Modular 128-Channel $\Delta$ - $\Delta \Sigma$ Analog Front-End Architecture Using Spectrum Equalization Scheme for 1024-Channel 3-D Neural Recording Microsystems

Abstract

We report an area- and energy-efficient integrated circuit architecture of a 128-channel $\Delta$ -modulated $\Delta \Sigma$ analog front-end ( $\Delta$ - $\Delta \Sigma$ AFE) for 1024-channel 3-D massive-parallel neural recording microsystems. Our platform has adopted a modularity of 128 channels and consists of eight multi-shank neural probes connected to individual AFEs through interposers in a small form factor. In order to reduce both area and energy consumption in the recording circuits, we implemented a spectrum equalization scheme to take advantage of the inherent spectral characteristics of neural signals, where most of the energy is confined in low frequencies and follows a ~1/f curve in the spectrum.
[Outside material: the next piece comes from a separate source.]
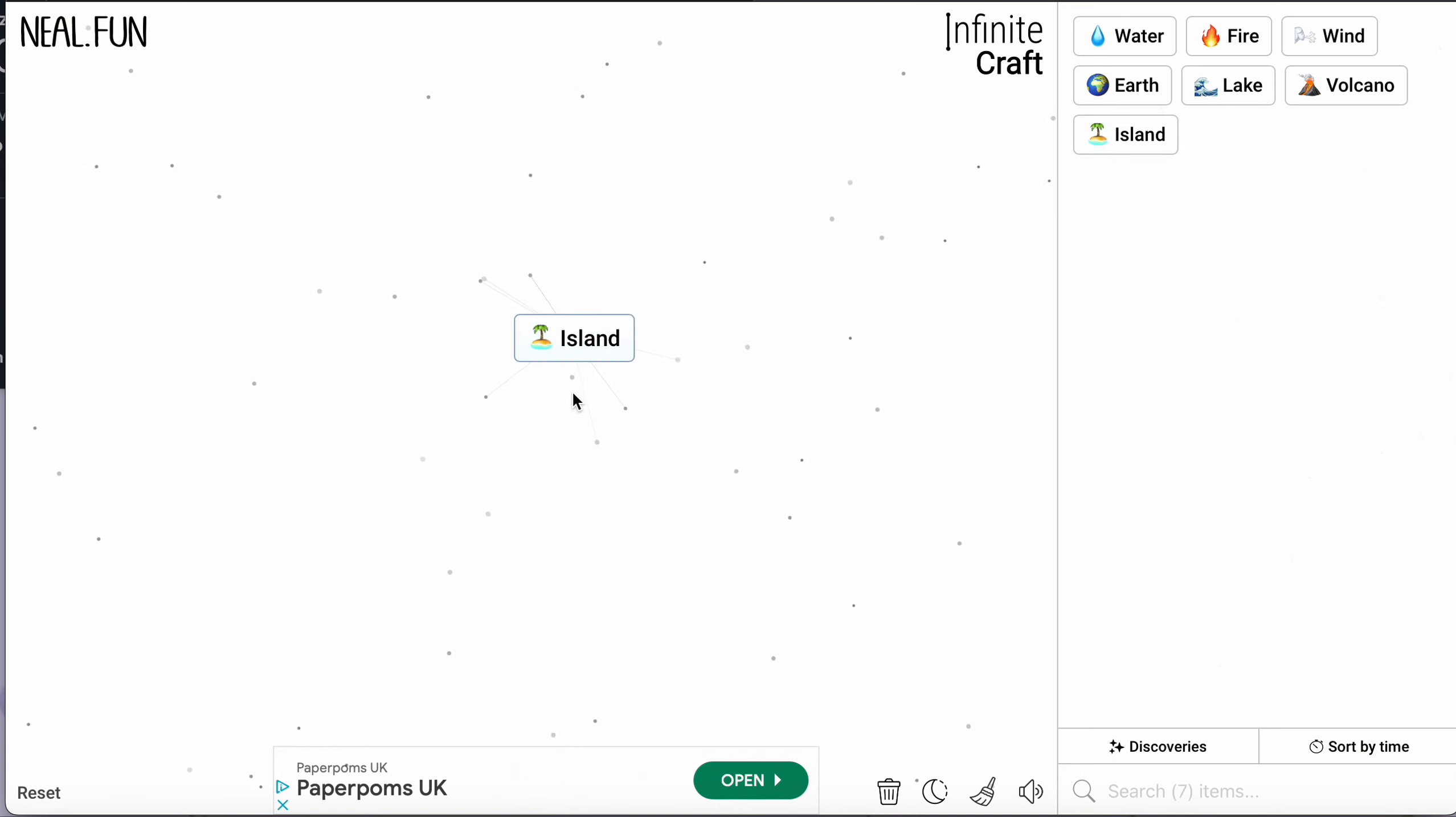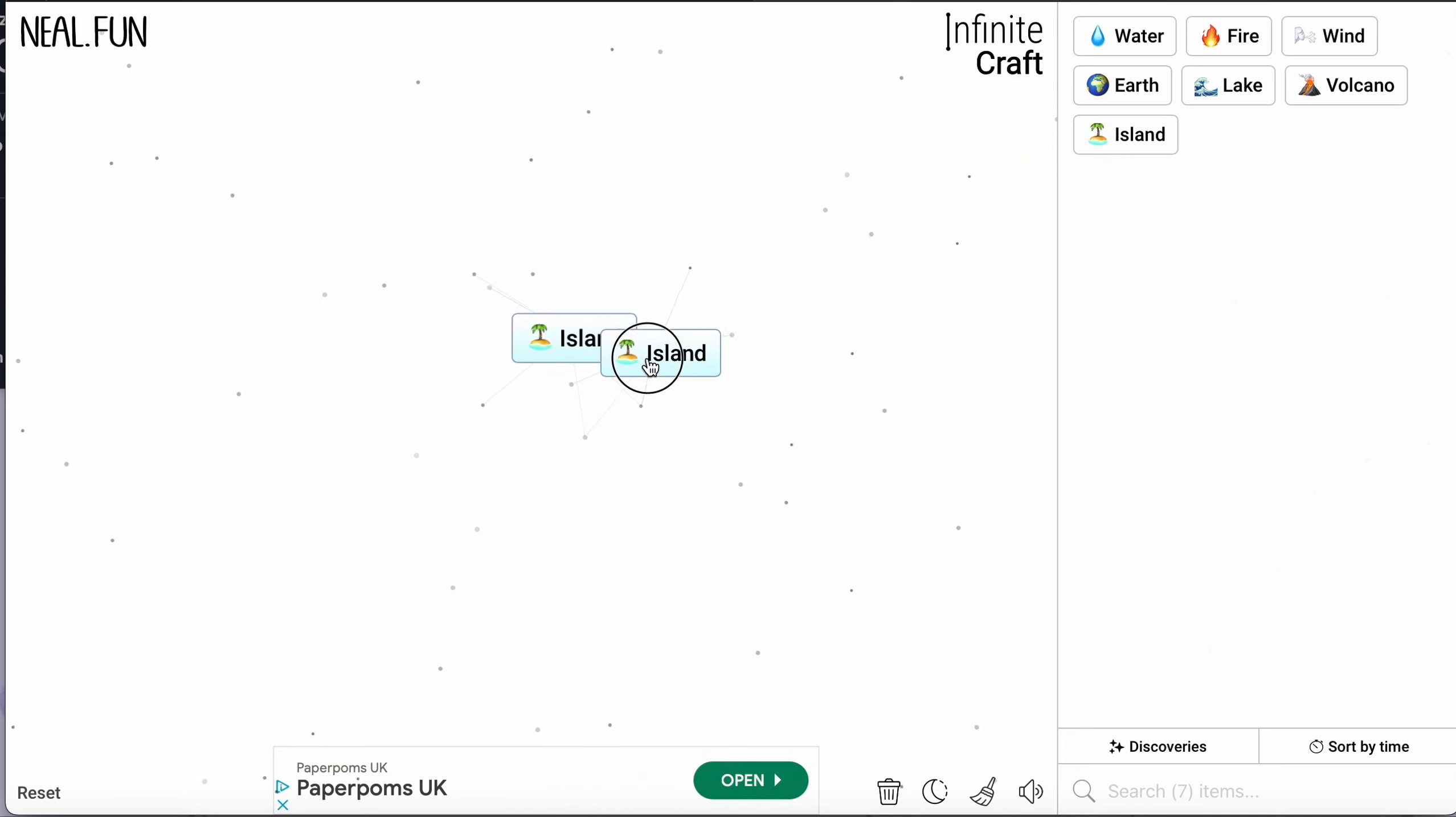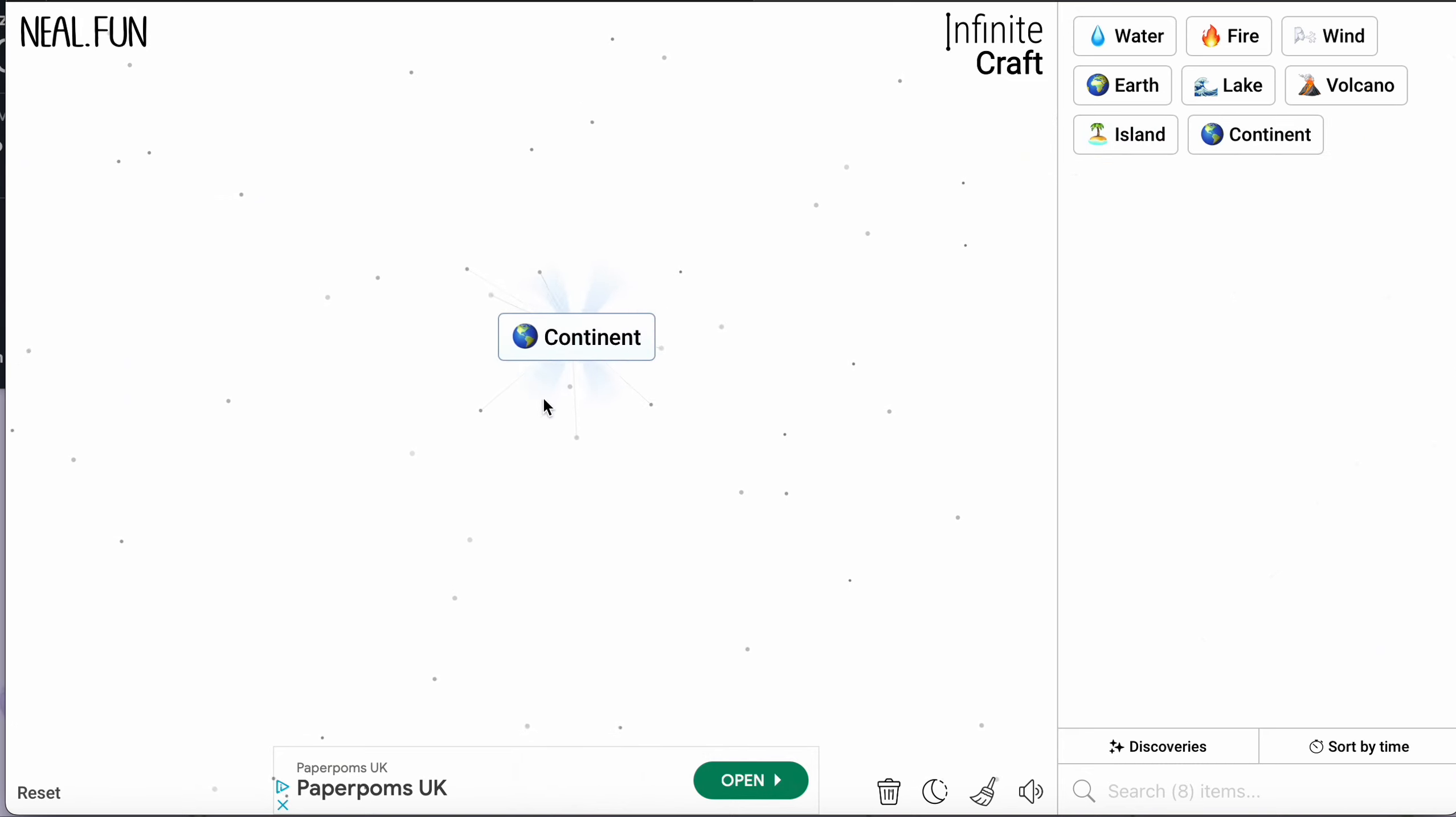Okay, so for the final touch you're going to grab island and then add it to the island so we have continent.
This allows us to implement the AFE with a relaxed dynamic range by ~30 dB, thereby contributing to the significant reduction of both energy and area without sacrificing signal integrity. The $\Delta$ - $\Delta \Sigma$ AFE was fabricated using 0.18- $\mu \text{m}$ CMOS processes. The single-channel AFE consumes 3.05 $\mu \text{W}$ from 0.5 and 1.0 V supplies in an area of 0.05 mm2 with 63.8-dB signal-to-noise-and-distortion ratio, 3.02 noise efficiency factor (NEF), and 4.56 NEF2VDD. We also have achieved an energy-area product, a figure-of-merit most critical for massive-parallel neural recording systems, of 6.34 fJ/ $\text{C}\cdot \text{s}\cdot$ mm2.